STARKE, Fla. -- Nollie Lee Martin was executed in Florida's electric chair Tuesday for the 1977 rape and stabbing murder of a 19- year-old convenience store clerk.
The U.S. Supreme Court rejected a round of last-minute appeals questioning Martin's sanity and his final stay expired at 7 a.m. EDT.
'I don't think it's right to keep someone locked up for 15 years and then kill them,' Martin told witnesses in a lengthy and barely audible last statement.
He was strapped into the three-legged oak chair at the Florida State Prison, and the 2,000-volt current was applied for about 55 seconds. A prison doctor pronounced him dead at 7:13 a.m.
Martin, 43, was condemned for the June 26, 1977, abduction, rape and stabbing murder of Patricia Greenfield, a Washington University student who worked nights at the Delray Beach store.
Court records indicate Martin and an accomplice, Gary Forbes, abducted Greenfield at knifepoint while robbing the store of $90 and two cases of beer. The pair sexually assaulted her at Martin's apartment, then drove her to a remote dump.
Forbes testified that Martin led Greenfield away, then returned alone, saying that he had stabbed her in the throat after she resisted his efforts to strangle her.
Martin was also convicted of two counts of second-degree murder in North Carolina, where he set an apartment fire that killed a High Point woman and her two daughters in 1972.
Martin was offered a last meal of steak, fried eggs, baked potato, tossed salad and strawberry cheesecake shortly after midnight.
'He ate very little,' said prison spokesman Gene Morris.

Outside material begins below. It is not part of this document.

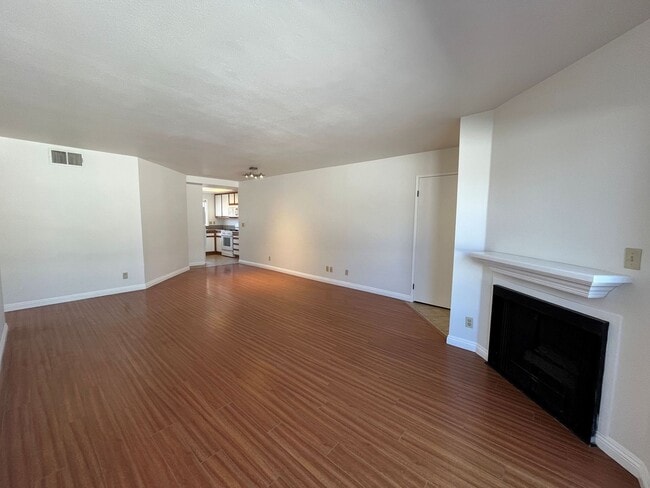 Building Photo - Pet Friendly, 3+2 w/balcony, parking + in-...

Martin spent his final hours with his brother, Harry Lee Martin, who is handling funeral arrangements, and also met with his sister-in-law, a prison chaplain, a psychologist and an investigator.
'Every time I've asked, he's been quiet. He has been reading, watching television and chain-smoking cigarettes,' Morris said.
Martin was the 28th man executed in Florida since the death penalty was reinstated in 1979.
Attorney Richard Burr, a volunteer with the NAACP, had argued that Martin should be spared from the electric chair because he is mentally incompetent. As evidence, he offered a prison videotape in which Martin rambled incoherently and picked at his forehead until it bled.
He also offered a letter written to Gov. Lawton Chiles by the prosecutor in the case, Al Scarola.
Burr argued that Sacrola changed his mind about Martin's mental competency, but a Miami federal judge ruled that the latest appeals merely rehashed issues that had been settled during prior appeals.
A federal appeals court granted a temporary stay Monday, but the U.S. Supreme Court denied a round of last-minute appeals Monday night.